Whether it's generating biomass using earthworms or replacing fossil fuels with old tires, the Dominican Republic is getting creative in its effort to reach its climate goals and reduce carbon emissions by 25 percent.
Project goal: turning waste into energy, part of Dominican Republic’s plans to slash CO2 emissions by 25 percent in the coming years
Project type: strategies for adapting to climate change
Project size: delivering 4,000 old car tires a day to a cement plant
Project volume: Funding worth4,5 Million euros ($6.1 million) within the framework of the International Climate Initiative
When it comes to climate protection, the Dominican Republic is a shining example of success in the Caribbean.
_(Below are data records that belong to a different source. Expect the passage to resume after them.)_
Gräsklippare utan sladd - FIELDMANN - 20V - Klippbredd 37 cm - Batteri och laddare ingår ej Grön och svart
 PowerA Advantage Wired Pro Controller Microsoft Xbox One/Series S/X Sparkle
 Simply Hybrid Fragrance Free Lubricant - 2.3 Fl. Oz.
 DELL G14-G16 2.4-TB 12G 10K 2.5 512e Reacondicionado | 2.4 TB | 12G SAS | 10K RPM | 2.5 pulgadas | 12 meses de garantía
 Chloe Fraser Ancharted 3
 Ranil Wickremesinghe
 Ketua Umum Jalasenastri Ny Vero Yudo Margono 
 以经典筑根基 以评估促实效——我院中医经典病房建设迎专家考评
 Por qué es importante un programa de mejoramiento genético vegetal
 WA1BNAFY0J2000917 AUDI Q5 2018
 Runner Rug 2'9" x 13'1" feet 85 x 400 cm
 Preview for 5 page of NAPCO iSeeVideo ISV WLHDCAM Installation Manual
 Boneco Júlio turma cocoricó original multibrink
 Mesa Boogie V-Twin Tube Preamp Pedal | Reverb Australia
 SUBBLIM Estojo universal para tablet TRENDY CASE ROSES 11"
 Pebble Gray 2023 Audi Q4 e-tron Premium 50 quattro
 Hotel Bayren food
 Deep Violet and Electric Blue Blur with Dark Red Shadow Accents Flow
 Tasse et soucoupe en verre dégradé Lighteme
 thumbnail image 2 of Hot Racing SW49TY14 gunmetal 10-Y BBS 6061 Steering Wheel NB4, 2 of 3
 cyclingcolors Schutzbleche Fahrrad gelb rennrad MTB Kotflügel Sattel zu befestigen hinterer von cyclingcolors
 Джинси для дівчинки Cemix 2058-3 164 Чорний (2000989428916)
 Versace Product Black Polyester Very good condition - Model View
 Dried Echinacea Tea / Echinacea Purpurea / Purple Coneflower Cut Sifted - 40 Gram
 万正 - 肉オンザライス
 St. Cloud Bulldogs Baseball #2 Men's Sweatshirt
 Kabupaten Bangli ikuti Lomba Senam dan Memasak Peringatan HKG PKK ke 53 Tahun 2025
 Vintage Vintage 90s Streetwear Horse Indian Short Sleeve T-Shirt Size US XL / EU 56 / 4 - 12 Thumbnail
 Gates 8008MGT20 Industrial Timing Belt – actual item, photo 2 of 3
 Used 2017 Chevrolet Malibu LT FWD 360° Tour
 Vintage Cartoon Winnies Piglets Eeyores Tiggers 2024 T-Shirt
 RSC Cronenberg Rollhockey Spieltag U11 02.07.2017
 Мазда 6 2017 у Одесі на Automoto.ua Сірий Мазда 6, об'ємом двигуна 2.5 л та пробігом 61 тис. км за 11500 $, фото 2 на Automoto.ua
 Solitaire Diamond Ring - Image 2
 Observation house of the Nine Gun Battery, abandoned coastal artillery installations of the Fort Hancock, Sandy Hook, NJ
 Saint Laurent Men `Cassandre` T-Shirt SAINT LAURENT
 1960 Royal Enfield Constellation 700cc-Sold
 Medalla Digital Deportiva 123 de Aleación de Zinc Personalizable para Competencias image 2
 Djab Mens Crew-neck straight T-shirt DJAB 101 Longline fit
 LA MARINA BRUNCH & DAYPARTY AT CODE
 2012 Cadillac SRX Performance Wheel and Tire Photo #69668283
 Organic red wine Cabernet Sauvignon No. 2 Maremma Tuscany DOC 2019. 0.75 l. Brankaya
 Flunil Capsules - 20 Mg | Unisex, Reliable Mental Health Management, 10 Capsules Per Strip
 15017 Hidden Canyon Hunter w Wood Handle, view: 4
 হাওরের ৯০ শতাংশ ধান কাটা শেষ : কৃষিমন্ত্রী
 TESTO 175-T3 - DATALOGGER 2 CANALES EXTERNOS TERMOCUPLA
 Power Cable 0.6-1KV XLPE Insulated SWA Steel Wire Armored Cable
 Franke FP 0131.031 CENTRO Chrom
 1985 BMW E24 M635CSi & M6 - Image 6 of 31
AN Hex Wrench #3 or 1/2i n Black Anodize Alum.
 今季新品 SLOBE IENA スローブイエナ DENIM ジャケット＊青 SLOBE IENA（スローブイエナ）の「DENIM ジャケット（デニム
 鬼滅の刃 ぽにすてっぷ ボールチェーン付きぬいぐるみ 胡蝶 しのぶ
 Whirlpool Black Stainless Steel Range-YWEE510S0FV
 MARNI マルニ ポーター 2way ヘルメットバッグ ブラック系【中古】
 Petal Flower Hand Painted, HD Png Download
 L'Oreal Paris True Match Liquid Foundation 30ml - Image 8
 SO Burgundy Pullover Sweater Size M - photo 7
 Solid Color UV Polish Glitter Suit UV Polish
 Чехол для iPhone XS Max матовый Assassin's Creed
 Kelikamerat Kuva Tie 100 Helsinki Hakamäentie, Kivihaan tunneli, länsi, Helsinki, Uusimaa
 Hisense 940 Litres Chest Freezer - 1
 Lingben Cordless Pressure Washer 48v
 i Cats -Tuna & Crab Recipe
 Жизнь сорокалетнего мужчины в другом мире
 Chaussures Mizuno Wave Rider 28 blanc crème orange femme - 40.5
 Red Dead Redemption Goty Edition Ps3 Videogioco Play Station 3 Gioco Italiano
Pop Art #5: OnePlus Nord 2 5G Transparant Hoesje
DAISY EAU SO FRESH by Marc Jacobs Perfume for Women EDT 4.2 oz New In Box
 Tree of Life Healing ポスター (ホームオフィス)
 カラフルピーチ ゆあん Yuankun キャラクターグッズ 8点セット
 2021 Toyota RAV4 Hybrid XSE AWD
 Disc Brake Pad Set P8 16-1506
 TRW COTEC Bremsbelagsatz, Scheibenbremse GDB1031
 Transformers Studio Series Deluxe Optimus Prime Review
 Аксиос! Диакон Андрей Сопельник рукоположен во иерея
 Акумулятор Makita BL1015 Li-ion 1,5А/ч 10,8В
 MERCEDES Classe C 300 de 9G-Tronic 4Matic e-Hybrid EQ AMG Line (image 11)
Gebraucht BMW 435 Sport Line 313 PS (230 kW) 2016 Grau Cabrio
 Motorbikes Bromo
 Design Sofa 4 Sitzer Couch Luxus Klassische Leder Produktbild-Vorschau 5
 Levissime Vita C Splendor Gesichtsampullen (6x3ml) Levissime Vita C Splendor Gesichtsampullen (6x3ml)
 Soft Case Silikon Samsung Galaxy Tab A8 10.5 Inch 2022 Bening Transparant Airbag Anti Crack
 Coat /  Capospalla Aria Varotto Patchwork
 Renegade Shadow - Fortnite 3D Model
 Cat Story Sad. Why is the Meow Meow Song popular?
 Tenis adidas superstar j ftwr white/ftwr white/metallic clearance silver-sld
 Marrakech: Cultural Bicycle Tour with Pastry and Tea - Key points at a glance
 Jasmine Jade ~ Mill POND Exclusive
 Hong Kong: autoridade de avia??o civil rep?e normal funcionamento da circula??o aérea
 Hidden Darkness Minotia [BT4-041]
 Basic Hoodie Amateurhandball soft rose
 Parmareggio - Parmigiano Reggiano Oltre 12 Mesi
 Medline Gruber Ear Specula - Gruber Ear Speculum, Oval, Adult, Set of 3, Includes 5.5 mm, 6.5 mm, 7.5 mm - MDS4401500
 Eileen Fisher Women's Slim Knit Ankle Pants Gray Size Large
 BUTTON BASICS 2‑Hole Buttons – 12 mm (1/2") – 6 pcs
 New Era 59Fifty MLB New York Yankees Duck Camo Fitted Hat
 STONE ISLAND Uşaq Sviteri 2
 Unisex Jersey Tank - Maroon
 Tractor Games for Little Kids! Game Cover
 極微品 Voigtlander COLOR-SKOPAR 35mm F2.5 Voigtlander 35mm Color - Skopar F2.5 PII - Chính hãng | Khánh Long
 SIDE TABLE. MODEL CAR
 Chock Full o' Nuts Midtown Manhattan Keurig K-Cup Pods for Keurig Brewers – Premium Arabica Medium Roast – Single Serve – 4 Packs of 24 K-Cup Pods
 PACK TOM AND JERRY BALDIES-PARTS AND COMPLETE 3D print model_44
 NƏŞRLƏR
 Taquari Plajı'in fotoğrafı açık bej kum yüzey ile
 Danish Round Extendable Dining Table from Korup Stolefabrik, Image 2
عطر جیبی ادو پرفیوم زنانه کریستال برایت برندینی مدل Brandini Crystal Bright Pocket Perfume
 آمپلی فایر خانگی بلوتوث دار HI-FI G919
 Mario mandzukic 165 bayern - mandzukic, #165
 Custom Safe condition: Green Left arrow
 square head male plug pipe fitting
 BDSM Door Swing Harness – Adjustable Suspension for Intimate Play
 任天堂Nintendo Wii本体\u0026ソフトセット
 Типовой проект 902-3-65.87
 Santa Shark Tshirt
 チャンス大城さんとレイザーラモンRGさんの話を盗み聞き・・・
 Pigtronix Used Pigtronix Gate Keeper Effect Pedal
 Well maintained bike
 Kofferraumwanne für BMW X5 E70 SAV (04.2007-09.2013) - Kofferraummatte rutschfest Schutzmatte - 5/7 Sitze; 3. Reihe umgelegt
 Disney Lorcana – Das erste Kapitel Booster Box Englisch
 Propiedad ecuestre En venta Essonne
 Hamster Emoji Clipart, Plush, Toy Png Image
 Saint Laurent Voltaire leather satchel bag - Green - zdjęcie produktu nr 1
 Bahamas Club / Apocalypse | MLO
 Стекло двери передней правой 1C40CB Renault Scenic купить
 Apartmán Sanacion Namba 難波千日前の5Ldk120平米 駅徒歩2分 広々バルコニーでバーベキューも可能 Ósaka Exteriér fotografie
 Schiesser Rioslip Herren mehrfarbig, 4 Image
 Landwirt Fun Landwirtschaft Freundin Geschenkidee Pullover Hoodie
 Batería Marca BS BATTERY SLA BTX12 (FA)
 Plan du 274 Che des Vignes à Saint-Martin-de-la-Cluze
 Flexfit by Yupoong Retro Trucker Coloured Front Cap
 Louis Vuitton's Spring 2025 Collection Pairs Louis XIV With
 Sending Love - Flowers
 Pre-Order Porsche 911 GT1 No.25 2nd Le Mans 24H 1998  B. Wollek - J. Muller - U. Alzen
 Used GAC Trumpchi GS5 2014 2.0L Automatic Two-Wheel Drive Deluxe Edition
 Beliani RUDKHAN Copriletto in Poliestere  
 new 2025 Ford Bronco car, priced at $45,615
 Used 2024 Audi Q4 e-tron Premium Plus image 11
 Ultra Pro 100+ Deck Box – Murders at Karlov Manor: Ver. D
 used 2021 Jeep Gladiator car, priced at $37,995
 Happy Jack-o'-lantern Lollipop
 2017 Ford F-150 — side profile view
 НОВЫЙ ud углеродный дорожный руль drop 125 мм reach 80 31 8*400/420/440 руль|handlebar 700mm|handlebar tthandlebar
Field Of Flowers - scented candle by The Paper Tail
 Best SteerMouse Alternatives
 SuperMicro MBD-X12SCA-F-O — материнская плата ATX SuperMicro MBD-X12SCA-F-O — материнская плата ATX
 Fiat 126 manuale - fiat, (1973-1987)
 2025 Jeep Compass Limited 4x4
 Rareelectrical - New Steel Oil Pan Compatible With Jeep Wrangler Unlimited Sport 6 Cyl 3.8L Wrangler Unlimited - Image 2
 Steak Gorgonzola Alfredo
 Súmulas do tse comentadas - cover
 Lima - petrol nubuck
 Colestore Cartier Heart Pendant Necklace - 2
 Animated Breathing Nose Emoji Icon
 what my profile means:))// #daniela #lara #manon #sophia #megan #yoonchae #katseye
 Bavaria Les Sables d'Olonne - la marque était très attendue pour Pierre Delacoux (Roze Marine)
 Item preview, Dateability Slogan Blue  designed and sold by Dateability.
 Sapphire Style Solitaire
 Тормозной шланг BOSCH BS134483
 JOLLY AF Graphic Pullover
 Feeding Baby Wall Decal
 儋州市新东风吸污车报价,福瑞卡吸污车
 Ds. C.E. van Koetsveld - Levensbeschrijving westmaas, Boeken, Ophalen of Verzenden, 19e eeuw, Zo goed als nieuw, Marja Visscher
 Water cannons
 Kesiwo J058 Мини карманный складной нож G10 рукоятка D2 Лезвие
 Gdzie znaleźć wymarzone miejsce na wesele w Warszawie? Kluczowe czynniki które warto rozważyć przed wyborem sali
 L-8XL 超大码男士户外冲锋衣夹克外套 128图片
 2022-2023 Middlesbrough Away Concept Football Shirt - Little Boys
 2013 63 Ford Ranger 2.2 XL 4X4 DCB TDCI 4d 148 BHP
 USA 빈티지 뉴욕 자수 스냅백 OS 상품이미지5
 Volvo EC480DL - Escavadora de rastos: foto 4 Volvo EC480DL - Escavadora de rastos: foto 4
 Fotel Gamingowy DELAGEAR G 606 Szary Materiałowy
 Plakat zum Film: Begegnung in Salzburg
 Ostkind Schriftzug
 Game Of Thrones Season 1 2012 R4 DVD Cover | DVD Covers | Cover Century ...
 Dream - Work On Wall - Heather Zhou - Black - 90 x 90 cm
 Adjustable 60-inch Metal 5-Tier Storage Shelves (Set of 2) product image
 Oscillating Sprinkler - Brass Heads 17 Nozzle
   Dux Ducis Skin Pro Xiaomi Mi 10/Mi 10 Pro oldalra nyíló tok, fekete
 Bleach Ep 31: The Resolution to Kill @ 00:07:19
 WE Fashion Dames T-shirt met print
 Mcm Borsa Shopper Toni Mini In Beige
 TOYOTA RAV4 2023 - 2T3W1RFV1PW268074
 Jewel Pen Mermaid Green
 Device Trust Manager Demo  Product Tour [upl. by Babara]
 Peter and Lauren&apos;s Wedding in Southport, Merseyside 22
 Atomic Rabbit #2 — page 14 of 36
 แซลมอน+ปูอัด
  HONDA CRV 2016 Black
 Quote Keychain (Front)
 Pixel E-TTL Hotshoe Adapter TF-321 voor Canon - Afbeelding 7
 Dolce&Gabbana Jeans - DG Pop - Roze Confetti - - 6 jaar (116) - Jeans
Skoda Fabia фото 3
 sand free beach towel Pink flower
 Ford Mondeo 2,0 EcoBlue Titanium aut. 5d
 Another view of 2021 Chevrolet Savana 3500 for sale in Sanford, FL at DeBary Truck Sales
The country has set an ambitious goal of slashing its CO2 emissions by 25 percent in the coming years. Together with the International Climate Initiative, the island nation has created a national climate plan. One of its main target areas is tourism, a mainstay of the country’s economy. In Punta Cana, a tourist magnet in the east of the country that boasts pristine white beaches and turqouise blue water, a hotel is using biomass produced by earthworms to power its washing. That’s allowed it to save 60 percent of its energy costs. CEMEX, a cement factory near the capital Santo Domingo, has also embraced the green tide: instead of burning fossil fuels, the facility has started to use discarded car tires. The process generates enough power to fuel the cement factory and the surplus energy is fed into the national electricity grid.